I'm going to guess about something so if I'm wrong I apologize. Have you, in your discussions about this decision, said these same things to him? He's your husband right? Isn't he the only bread winner right now? I'd be pissed off about that attitude as well and would be VERY resistant to your ideas about it if you took that attitude with me if I were the H in this situation.

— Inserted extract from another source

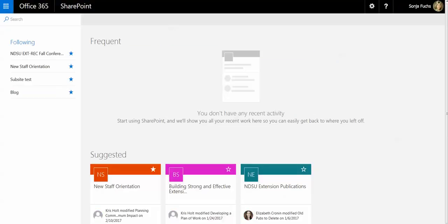Although I don't own any of these sites, three SharePoint sites have been shared with me, a couple from Chris Holt, including New Staff Orientation, and also Elizabeth shared with me a site with NDSU Publications.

If you're married, it's BOTH of your decisions, just like the paycheck he earns right now supports the family in full, you equally to him...so does the house. It's in your name only to the bank. If its in your name only in YOUR mind, then there are other issues here.


----------



## Cherry (Sep 23, 2009)

WorkingOnMe said:


> You have to appeal to him without resorting to the "it's in my name so I'm going to do what I want" attitude. Believe me, I know it's hard. Everything we own (of significance) is in my name. And it's hard not to enforce "my rule". But everytime I've done it it's led to resentment and bad juju, and I've regretted it.

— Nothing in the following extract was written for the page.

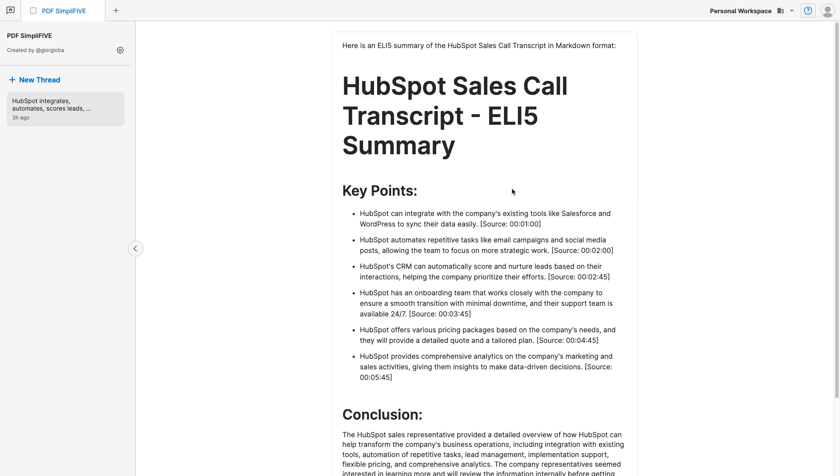In this video, we're going to build a PDF simplifier. This AI application will take in a PDF document and provide a very succinct explanation of the key points and the conclusion.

I'm his wife, he should care about my concerns... What is his concern? That we're settling? That we aren't going to get that extra few grand? If we don't work something out on this, as of Oct. 1, we will be two months late, we ain't got the money for that.. its going to start affecting my credit now  and the interest will start eating away at that money we are squabbling over anyway. 

I guess I just don't understand how he can't see how this is affecting me on a personal level so much more.. I think I'm entitled to think singular for a minute on this. And the facts are with this situation, a $130K transaction directly affecting my credit potentially falling through the cracks over $1300. There is nothing we need that money for, nothing. So why the obsession over this? Ugh.. I'm just aggravated right this minute, I want to fvcking scream.


----------



## WorkingOnMe (Mar 17, 2012)

I don't disagree with you. I just think you need to approach it very carefully. Don't panic yet


----------



## LovesHerMan (Jul 28, 2011)

Try to put aside your frustration, and think of the outcome that you desire. You will be more persuasive if you say that this will hurt OUR credit rating. You want your husband to see your point of view, so calmly discuss numbers with him. Emphasize that you both need to agree on this for the good of family finances. Acknowledge his feelings first, and then lay out the scenario of what will happen if this offer is rejected.


----------



## WhereAmI (Nov 3, 2010)

We moved states with our house still on the market. It added so much stress to the move I wish it didn't have to happen. It also meant having other people look after the house, having family members hire others for repairs, needing someone to mow the lawn, etc. etc. etc. I hope you can convince him it's worth it.
_Posted via Mobile Device_


----------



## Cherry (Sep 23, 2009)

Dad&Hubby said:


> I'm going to guess about something so if I'm wrong I apologize. Have you, in your discussions about this decision, said these same things to him? He's your husband right? Isn't he the only bread winner right now? I'd be pissed off about that attitude as well and would be VERY resistant to your ideas about it if you took that attitude with me if I were the H in this situation.
> 
> If you're married, it's BOTH of your decisions, just like the paycheck he earns right now supports the family in full, you equally to him...so does the house. It's in your name only to the bank. If its in your name only in YOUR mind, then there are other issues here.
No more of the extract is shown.